5.2. la prima affermazione della commissione tributaria dell'Emilia Romagna (v. sopra, punto n.2) è in contrasto con il quadro e con l'enunciazioni specifiche di cui sopra;

5.3 né, per le ragioni messe in evidenza dalla pronuncia n. 11873/2017, e condivise da questo Collegio, quanto sostenuto nella sentenza impugnata può trovare valido appiglio nella isolata pronuncia resa da questa Corte n. 2054/2017;

5.4. nessun rilievo, infine, può essere annesso alla modifica apportata all'art. 20 del d.P.R. 131/86, dall'art. 1, comma 87, lett. a), della legge 27 dicembre 2017, n. 205 ("al testo unico delle disposizioni concernenti l'imposta di registro, di cui al decreto del Presidente della Repubblica 26 aprile 1986, n. 131, sono apportate le seguenti modificazioni: a) all'articolo 20, comma 1: 1) le parole: «degli atti presentati» sono sostituite dalle seguenti: «dell'atto presentato »; 2) dopo la parola: «apparente» sono aggiunte le seguenti: «sulla base degli elementi desumibili dall'atto medesimo, prescindendo da quelli extratestuali e dagli atti ad esso collegati, salvo quanto disposto dagli articoli successivi »), atteso che trattasi, appunto, di modifica - come reso palese dalla lettera della norma - e quindi di innovazione - segnatamente di innovazione volta ad introdurre limiti all'attività di qualificazione giuridica della fattispecie, destinata, come tale, a valere solo pro futuro.

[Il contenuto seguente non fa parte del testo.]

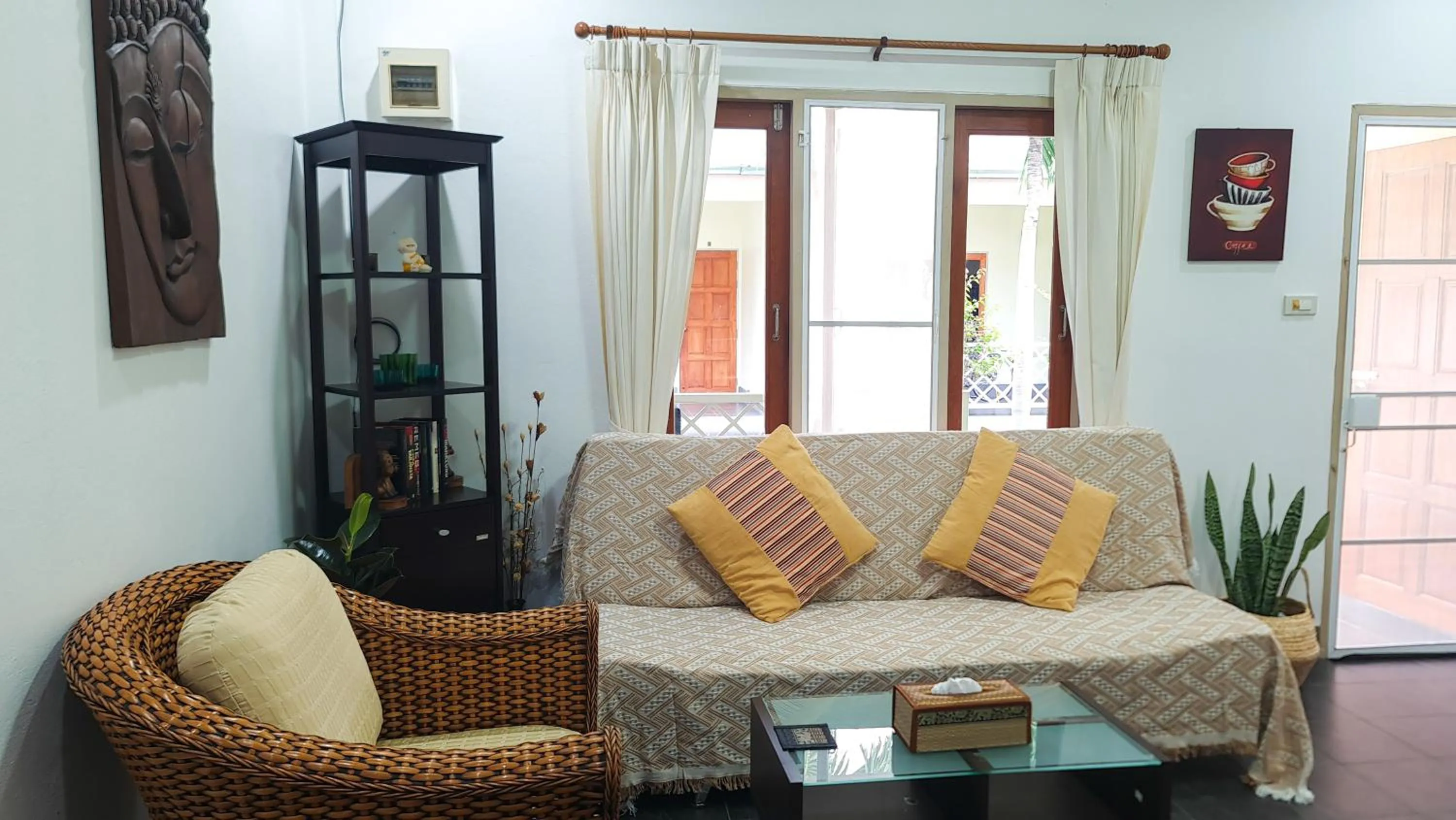 Living room in 1 Bedroom House With Pool In Central Location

6. L’Agenzia delle Entrate, con il secondo motivo di ricorso, deduce, in relazione all'art. 360, comma 1, n. 5, c.p.c., che la commissione tributaria regionale ha motivato la decisione in modo non adeguato circa la valutazione degli elementi portati da essa ricorrente a sostegno della qualificazione dell'atto nel contesto della complessiva operazione ed ha motivato in modo contraddittorio riguardo alla possibilità, date all'Erario, di interpretare l'atto traslativo in questione ("Orbene, da un lato, i Giudici affermano che l'Ufficio deve valutare gli effetti giuridici dell'atto senza essere vincolato dal nomen iuris attribuito all'atto dalle parti, avendo riguardo alle disposizioni del codice civile, d'altro ritengono che l'ufficio non può prescindere dalla volontà delle parti. Delle due l'una: o l'ufficio può interpretare l'atto o non può").

7. Il motivo di ricorso è fondato: la Commissione, con la seconda delle affermazioni messe a base della sentenza, si è limitata a definire indimostrata la tesi dell'ufficio senza spiegare (sufficientemente) perché ha ritenuto che gli elementi dedotti dall'ufficio medesimo (v. sopra, punto 2 della esposizione in fatto) siano da ritenersi privi di capacità persuasiva.

8. Il ricorso va quindi accolto, la sentenza impugnata deve essere cassata con rinvio alla commissione tributaria dell'Emilia Romagna perché la stessa, in composizione diversa da quella che ha reso la sentenza impugnata, riesamini la fattispecie alla luce del principio di diritto di cui al punto 5.1. e provveda anche sulle spese.

 

P.Q.M.

 

Accoglie il ricorso, cassa la sentenza impugnata e rinvia, anche per le spese, alla commissione tributaria regionale della Emilia Romagna, in diversa composizione.